Data segment:
-----
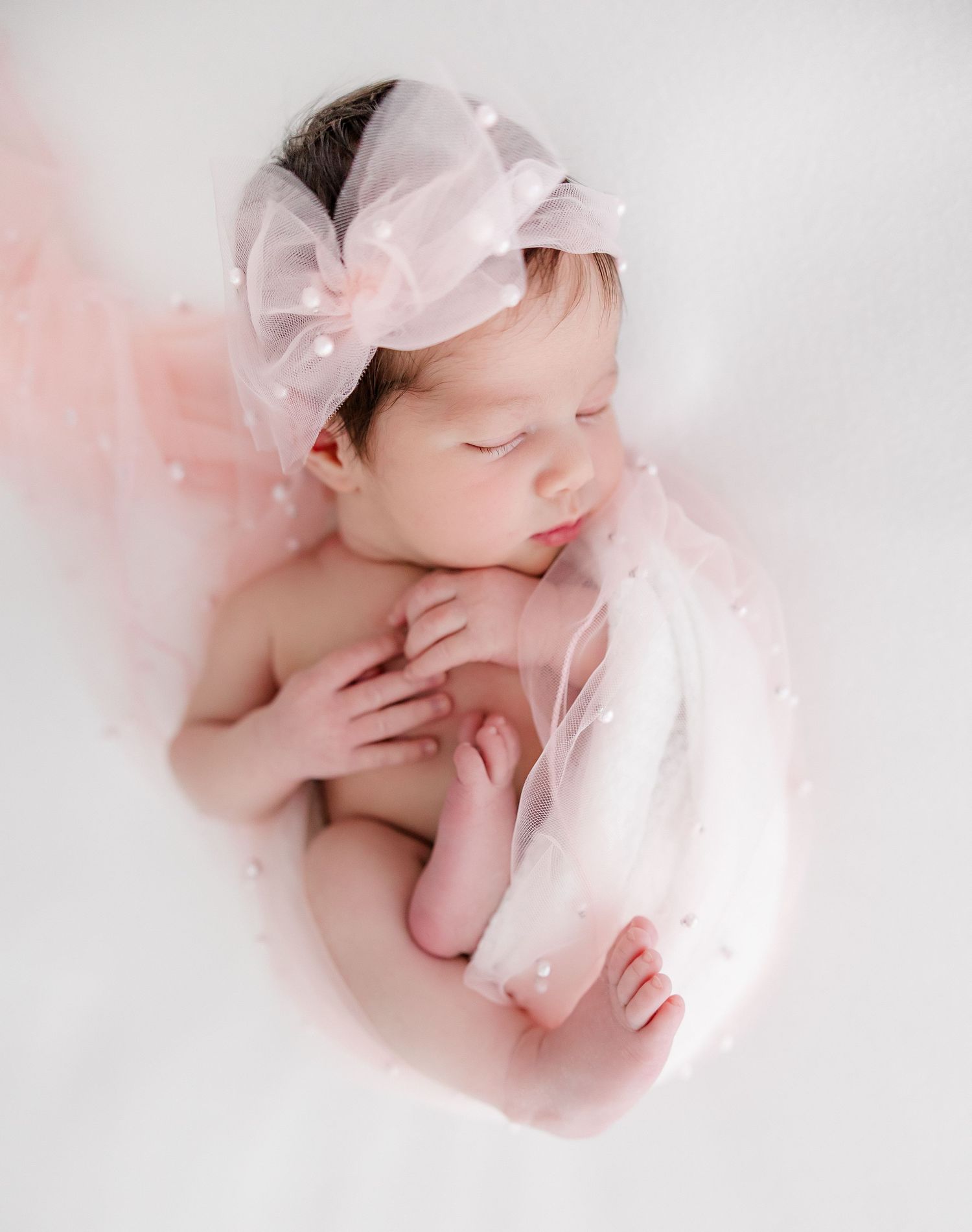 Newborn baby with pink bow headband wrapped in soft tulle on white background.
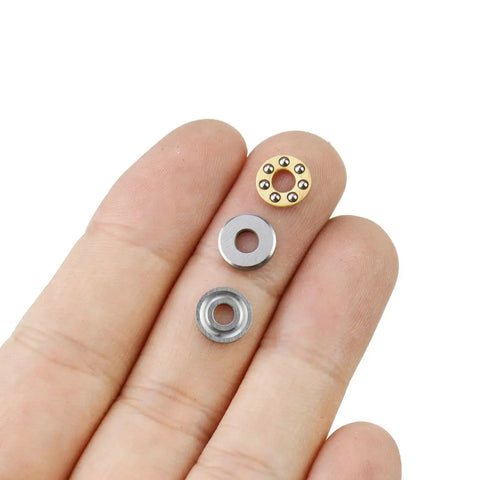 Miniature Thrust Ball Bearings 8mm Outer Diameter 3mm Bore 3 point 5 mm Thickness Chrome Steel F3 on fingertips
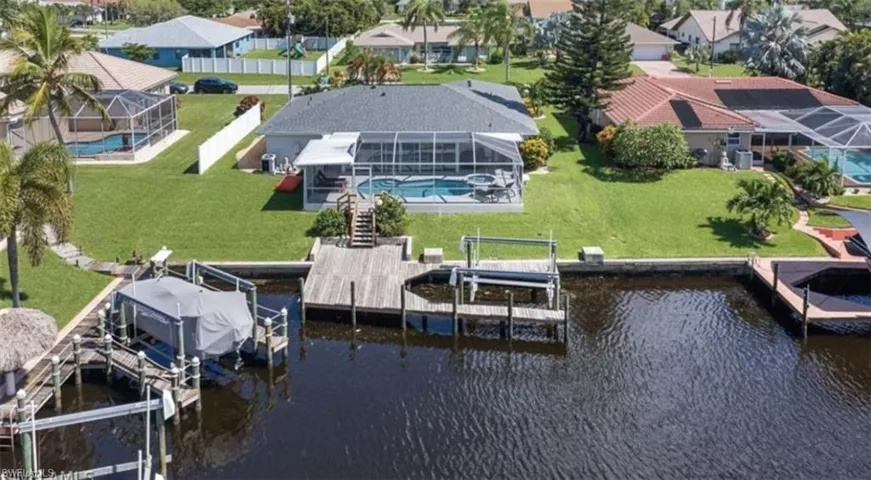 Bird's eye view featuring a water view and a residential view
-----
The full listing above, duplicated exactly and without its pictures, is the answer.

 Newborn baby with pink bow headband wrapped in soft tulle on white background.
 Miniature Thrust Ball Bearings 8mm Outer Diameter 3mm Bore 3 point 5 mm Thickness Chrome Steel F3 on fingertips
 Bird's eye view featuring a water view and a residential view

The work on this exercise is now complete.